National grain harvest 40 per cent down on last year, according to ABARES quarterly Crop Report

13.09.2017

The total national winter crop harvest will be 40 per cent smaller than last year.

The quarterly Crop Report from the Australian Bureau of Agricultural and Resource Economics and Sciences said the drought, late start to the season and unseasonal high temperatures were mostly to blame.

ABARES senior economist Peter Collins said all major crops suffered significant falls in production.

"We've got national production falling by 39 per cent from the very large crop we had last year," Mr Collins said.

"Wheat is down 38 per cent, barley is down 40 per cent and canola 33 per cent and chickpeas are down about 36 per cent on last year."
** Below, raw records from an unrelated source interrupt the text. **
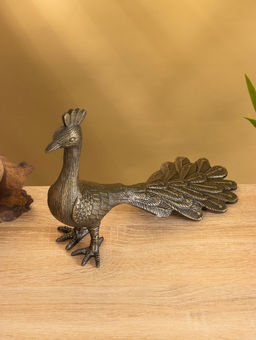 Сувенир «Павлин», 28×12×21 см, алюминий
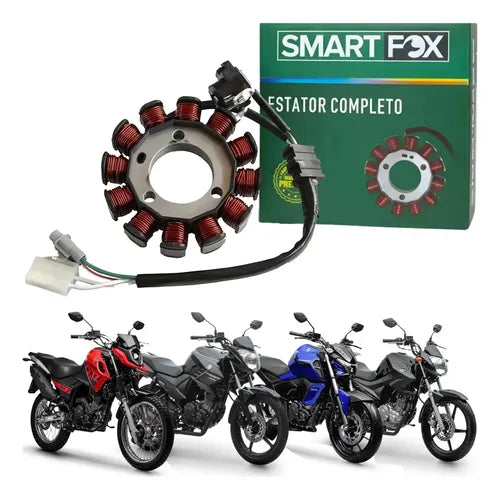 Magneto Estator com Bobina de Pulso Smartfox Yamaha Factor 125 Fazer Factor Crosser 150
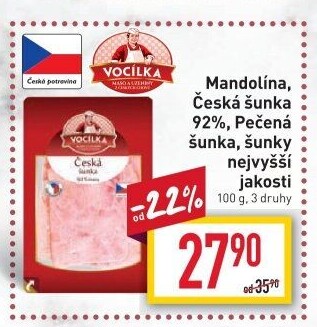 Šunka nejvyšší jakosti Mandolína Vocílka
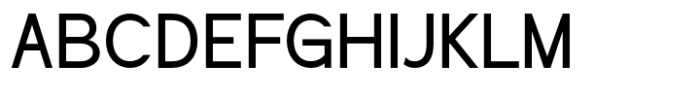 Geometra Sans Medium Font UPPERCASE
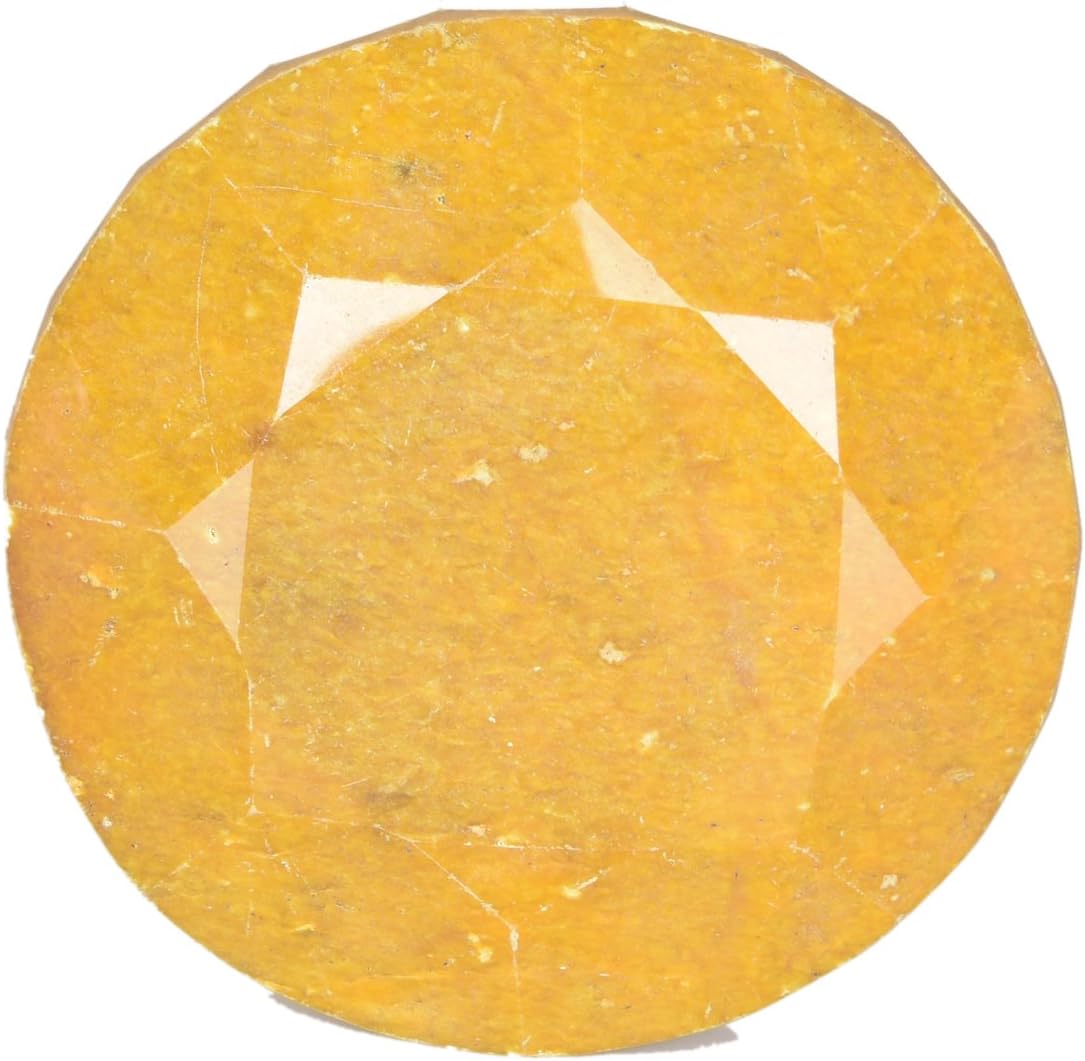 GEMHUB Yellow Sapphire Round Shape Huge Size Natural Madagascar Approximately 3333 Ct.Loose Gemstone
He said although the figure was devastating for affected farmers, the drop must be understood in the context of last year's record-breaking harvest.

"Last year's crop smashed records by about 30 per cent," Mr Collins said.

"So, 39 per cent down from that puts this year's crop at a national level at around the 10-year-average at 2015/16.''

The forecast national harvest sits two per cent above the 10-year-average, but Mr Collins said not everywhere would have an average crop.

"The conditions vary widely across the cropping zone,'' he said.

''There are some parts of Australia that are going to look nothing like average.''

He said the north-west of New South Wales and the south-west of Queensland, the northern part of Western Australia have had unfavourable conditions.

"It's likely a lot of those crops won't be harvested."

Late crop and no rain to blame

Eyre Peninsula farmer Mark Modra is in one of the areas seriously affected areas by this season's unfavourable conditions.

"We've had probably the latest break on the Eyre Peninsula on record and so our crops are way behind over here," Mr Modra said.

He said he was counting on a good spring to save his late crop.

"If we get an average spring we've got potential of some of our crops getting smashed. If we get a hot northerly wind and a 30 to 35 degree day that could really affect some of those crops," he said.

The poor season was obvious to those outside the industry as well, said David Jochinke, President of the Victorian Farmers Federation and a grain farmer, from near Horsham, Victoria.

"This year we haven't seen the same rainfalls occur and especially the timings of them,'' he said.

"It's always concerning hearing other people in the industry having a struggle.

"You can definitely see crops that were in early because we had such a late season break."

ABARES did not comment on the effect the production drop would have on the grains market.

The bureau will release a commodities report next Tuesday.